Tomlin has watched Sweed improve and make plays all offseason and expects that to show in games this year.
"Really, it's what we expect from him," Tomlin said. "We're not going to be pleasantly surprised by production from that young man or any of them for that matter. There's a standard of expectation that we have and we expect them to exceed it. I thought (Sweed) did a pretty good job."
As a fulltime starter, Gay faces even more pressure than Sweed. The third-year pro has just four starts in 32 career games for Pittsburgh.
Against the Cardinals in the preseason opener, veteran quarterback Kurt Warner quickly went after Gay. His first throw was an incompletion to receiver Anquan Boldin, where Gay had solid coverage. Three more pass attempts in Gay's direction followed in just two drives before starters from both teams were pulled after the first quarter.
Pittsburgh's top cornerback, Ike Taylor, barely broke a sweat while Gay saw a little bit of everything. Opponents are trying to figure out if Gay is the weak link in Pittsburgh's top-rated defense.
"It's just something that you know is going to happen as a new corner," Gay said. "They have to test you and see if you can handle it, and that's what I'm looking forward to for the whole season."
Gay said his approach this year is to "always think the ball is coming to you." Based on the first preseason game, that's probably a smart way to look at it.
Ironically, last week Gay also ran into the player he's replacing this year, Bryant McFadden. The fifth-year cornerback signed with Arizona as a free agent this offseason. The Steelers didn't make much of a push to keep McFadden because they felt confident Gay was ready to take the next step.
Both cornerbacks are now key defensive cogs for teams trying to get back to the Super Bowl.
"We trained over the summer, so it was kind of cool and it was good to see him again," Gay said. "We both wished each other the best of luck as we continue on with our careers."
While a majority of Steelers took time off to enjoy their Super Bowl win, Sweed went about his business differently. His inconsistent rookie year motivated Sweed to get back to work quickly.
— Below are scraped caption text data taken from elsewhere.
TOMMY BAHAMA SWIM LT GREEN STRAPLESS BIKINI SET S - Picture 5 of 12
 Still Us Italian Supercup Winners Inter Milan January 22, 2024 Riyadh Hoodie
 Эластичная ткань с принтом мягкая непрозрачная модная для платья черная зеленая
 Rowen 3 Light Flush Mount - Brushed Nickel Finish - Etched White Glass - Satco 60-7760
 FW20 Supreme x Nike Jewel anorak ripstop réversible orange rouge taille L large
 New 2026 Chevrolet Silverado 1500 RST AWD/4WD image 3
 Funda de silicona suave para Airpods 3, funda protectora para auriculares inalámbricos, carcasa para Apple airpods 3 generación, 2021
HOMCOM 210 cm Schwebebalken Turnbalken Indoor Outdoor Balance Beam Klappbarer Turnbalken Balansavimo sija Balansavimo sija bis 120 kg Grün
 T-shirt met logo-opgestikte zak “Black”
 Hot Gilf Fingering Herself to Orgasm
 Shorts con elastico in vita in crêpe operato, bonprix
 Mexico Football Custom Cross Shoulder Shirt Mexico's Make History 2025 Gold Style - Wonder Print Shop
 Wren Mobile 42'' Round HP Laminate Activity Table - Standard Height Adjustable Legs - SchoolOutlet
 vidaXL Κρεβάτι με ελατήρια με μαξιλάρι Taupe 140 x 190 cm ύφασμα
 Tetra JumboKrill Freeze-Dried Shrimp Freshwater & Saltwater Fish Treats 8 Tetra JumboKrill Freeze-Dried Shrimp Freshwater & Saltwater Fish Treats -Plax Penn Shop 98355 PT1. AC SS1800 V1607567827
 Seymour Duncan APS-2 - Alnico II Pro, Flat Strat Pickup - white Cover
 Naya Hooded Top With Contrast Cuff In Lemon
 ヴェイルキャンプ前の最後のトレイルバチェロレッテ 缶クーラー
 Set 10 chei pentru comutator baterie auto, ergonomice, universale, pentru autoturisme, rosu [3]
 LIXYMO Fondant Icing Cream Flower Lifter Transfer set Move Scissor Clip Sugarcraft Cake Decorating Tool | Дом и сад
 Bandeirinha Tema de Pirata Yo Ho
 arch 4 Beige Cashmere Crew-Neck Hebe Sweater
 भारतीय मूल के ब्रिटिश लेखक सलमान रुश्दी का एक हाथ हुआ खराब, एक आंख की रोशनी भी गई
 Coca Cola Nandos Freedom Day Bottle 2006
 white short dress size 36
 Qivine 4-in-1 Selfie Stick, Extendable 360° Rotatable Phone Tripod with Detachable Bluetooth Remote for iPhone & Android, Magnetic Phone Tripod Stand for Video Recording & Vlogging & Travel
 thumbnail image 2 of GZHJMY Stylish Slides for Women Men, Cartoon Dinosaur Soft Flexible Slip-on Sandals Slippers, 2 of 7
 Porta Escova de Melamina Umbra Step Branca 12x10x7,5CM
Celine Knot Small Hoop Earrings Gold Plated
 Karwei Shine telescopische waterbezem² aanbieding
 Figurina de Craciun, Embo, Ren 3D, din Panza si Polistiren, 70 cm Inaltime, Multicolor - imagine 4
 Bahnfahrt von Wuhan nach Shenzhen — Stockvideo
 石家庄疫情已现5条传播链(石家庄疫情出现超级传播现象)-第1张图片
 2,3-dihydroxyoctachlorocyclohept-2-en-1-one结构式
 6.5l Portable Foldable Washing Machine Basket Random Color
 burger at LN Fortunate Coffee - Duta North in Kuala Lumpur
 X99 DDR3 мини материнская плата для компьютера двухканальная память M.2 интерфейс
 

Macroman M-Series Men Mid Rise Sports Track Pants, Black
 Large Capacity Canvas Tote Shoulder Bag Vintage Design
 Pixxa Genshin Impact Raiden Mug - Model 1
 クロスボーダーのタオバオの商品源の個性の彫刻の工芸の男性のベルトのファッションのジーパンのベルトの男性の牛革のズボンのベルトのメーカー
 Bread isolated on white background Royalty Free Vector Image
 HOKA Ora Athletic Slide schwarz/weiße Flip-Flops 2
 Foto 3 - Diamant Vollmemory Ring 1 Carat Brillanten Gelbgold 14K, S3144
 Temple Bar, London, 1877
Pittsburgh won its record sixth Super Bowl title Feb. 1. By mid-February Sweed said he was already running routes and training independently for the season.
"I've been working early when nobody ever knew, and I really didn't want anybody to know," Sweed said. "Right after the Super Bowl, I remember my mom asking me if I was going to take a break. And I told her no because I knew there was a lot of work that I needed to do to catch up. I felt like I was behind."
The early returns show Sweed is getting up to speed. He's making plays consistently in training camp and his preseason debut last week opened eyes.
Sweed also said his confidence is where it needs to be this season, and that's a good thing for Pittsburgh.
"It's cool, but I'm not going to ride the emotional rollercoaster," Sweed said. "I'm going to keep an even keel, go back to practice, work hard and keep progressing."